(Beginning of Data to use)

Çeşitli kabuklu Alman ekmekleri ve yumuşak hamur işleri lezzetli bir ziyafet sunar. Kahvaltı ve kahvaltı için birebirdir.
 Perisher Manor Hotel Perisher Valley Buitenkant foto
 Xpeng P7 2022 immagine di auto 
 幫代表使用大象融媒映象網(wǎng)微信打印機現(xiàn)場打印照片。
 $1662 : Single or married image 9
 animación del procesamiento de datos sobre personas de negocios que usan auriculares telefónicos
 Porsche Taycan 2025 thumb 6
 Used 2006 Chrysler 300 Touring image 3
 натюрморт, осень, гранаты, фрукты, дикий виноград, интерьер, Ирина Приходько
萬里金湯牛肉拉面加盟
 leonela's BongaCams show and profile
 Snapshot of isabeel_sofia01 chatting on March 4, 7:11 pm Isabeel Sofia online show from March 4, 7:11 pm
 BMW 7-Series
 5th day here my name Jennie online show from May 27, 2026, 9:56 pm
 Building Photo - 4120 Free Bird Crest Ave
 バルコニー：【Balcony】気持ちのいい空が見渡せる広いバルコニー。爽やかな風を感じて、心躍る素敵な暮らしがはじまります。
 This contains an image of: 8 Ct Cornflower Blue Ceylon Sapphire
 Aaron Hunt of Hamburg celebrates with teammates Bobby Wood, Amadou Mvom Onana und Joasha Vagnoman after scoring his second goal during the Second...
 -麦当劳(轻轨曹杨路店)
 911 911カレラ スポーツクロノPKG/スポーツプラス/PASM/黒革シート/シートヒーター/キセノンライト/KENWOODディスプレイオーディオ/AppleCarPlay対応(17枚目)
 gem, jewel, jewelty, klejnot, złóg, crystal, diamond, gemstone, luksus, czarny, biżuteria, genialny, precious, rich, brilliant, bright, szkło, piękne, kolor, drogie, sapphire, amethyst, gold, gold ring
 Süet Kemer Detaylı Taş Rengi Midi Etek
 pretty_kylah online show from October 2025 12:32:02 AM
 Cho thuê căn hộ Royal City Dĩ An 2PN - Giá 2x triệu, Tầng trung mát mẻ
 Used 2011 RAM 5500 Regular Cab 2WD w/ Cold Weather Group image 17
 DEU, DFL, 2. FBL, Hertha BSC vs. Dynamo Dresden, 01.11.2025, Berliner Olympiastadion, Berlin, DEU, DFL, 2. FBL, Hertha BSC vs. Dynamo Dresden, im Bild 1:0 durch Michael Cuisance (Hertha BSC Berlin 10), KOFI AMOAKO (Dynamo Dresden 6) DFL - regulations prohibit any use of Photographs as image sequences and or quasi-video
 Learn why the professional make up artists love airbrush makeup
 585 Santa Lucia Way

(End of Data to use)

→ Aim of the exercise:
The lines from the one containing "5th day here" through the last line of the material above are to be copied exactly, both ends included.

→ The answer:
 5th day here my name Jennie online show from May 27, 2026, 9:56 pm
 Building Photo - 4120 Free Bird Crest Ave
 バルコニー：【Balcony】気持ちのいい空が見渡せる広いバルコニー。爽やかな風を感じて、心躍る素敵な暮らしがはじまります。
 This contains an image of: 8 Ct Cornflower Blue Ceylon Sapphire
 Aaron Hunt of Hamburg celebrates with teammates Bobby Wood, Amadou Mvom Onana und Joasha Vagnoman after scoring his second goal during the Second...
 -麦当劳(轻轨曹杨路店)
 911 911カレラ スポーツクロノPKG/スポーツプラス/PASM/黒革シート/シートヒーター/キセノンライト/KENWOODディスプレイオーディオ/AppleCarPlay対応(17枚目)
 gem, jewel, jewelty, klejnot, złóg, crystal, diamond, gemstone, luksus, czarny, biżuteria, genialny, precious, rich, brilliant, bright, szkło, piękne, kolor, drogie, sapphire, amethyst, gold, gold ring
 Süet Kemer Detaylı Taş Rengi Midi Etek
 pretty_kylah online show from October 2025 12:32:02 AM
 Cho thuê căn hộ Royal City Dĩ An 2PN - Giá 2x triệu, Tầng trung mát mẻ
 Used 2011 RAM 5500 Regular Cab 2WD w/ Cold Weather Group image 17
 DEU, DFL, 2. FBL, Hertha BSC vs. Dynamo Dresden, 01.11.2025, Berliner Olympiastadion, Berlin, DEU, DFL, 2. FBL, Hertha BSC vs. Dynamo Dresden, im Bild 1:0 durch Michael Cuisance (Hertha BSC Berlin 10), KOFI AMOAKO (Dynamo Dresden 6) DFL - regulations prohibit any use of Photographs as image sequences and or quasi-video
 Learn why the professional make up artists love airbrush makeup
 585 Santa Lucia Way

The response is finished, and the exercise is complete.